▶ [WORK REQUEST]: Copy out all of the entries below without any change.

▶ [PROVIDED DATA]:
┄┄┄┄┄┄┄┄┄┄

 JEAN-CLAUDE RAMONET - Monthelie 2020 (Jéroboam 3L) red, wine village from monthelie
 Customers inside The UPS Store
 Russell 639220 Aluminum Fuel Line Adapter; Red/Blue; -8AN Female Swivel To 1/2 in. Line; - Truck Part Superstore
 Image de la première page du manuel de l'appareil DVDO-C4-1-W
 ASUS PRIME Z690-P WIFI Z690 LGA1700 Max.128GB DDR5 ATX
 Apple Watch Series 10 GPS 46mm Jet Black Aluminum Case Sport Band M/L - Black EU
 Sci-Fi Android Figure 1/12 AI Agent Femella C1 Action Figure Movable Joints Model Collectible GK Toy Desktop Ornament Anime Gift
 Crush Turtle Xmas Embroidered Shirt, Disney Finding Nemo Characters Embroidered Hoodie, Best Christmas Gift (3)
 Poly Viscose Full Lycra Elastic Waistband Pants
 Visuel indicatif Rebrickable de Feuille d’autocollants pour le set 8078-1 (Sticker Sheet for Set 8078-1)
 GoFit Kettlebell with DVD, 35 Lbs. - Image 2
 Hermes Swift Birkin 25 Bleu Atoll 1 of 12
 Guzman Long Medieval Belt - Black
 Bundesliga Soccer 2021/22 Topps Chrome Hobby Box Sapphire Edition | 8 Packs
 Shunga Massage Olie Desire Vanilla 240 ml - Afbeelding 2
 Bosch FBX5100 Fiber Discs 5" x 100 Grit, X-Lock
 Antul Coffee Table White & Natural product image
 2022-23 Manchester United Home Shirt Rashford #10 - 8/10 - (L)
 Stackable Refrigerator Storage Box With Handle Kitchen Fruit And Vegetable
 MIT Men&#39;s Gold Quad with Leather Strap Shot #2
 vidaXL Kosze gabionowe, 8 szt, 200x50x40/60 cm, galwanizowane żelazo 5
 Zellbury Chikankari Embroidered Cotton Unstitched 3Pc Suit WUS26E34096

┄┄┄┄┄┄┄┄┄┄

▶ [OUTPUT FOR THIS TASK]:
 JEAN-CLAUDE RAMONET - Monthelie 2020 (Jéroboam 3L) red, wine village from monthelie
 Customers inside The UPS Store
 Russell 639220 Aluminum Fuel Line Adapter; Red/Blue; -8AN Female Swivel To 1/2 in. Line; - Truck Part Superstore
 Image de la première page du manuel de l'appareil DVDO-C4-1-W
 ASUS PRIME Z690-P WIFI Z690 LGA1700 Max.128GB DDR5 ATX
 Apple Watch Series 10 GPS 46mm Jet Black Aluminum Case Sport Band M/L - Black EU
 Sci-Fi Android Figure 1/12 AI Agent Femella C1 Action Figure Movable Joints Model Collectible GK Toy Desktop Ornament Anime Gift
 Crush Turtle Xmas Embroidered Shirt, Disney Finding Nemo Characters Embroidered Hoodie, Best Christmas Gift (3)
 Poly Viscose Full Lycra Elastic Waistband Pants
 Visuel indicatif Rebrickable de Feuille d’autocollants pour le set 8078-1 (Sticker Sheet for Set 8078-1)
 GoFit Kettlebell with DVD, 35 Lbs. - Image 2
 Hermes Swift Birkin 25 Bleu Atoll 1 of 12
 Guzman Long Medieval Belt - Black
 Bundesliga Soccer 2021/22 Topps Chrome Hobby Box Sapphire Edition | 8 Packs
 Shunga Massage Olie Desire Vanilla 240 ml - Afbeelding 2
 Bosch FBX5100 Fiber Discs 5" x 100 Grit, X-Lock
 Antul Coffee Table White & Natural product image
 2022-23 Manchester United Home Shirt Rashford #10 - 8/10 - (L)
 Stackable Refrigerator Storage Box With Handle Kitchen Fruit And Vegetable
 MIT Men&#39;s Gold Quad with Leather Strap Shot #2
 vidaXL Kosze gabionowe, 8 szt, 200x50x40/60 cm, galwanizowane żelazo 5
 Zellbury Chikankari Embroidered Cotton Unstitched 3Pc Suit WUS26E34096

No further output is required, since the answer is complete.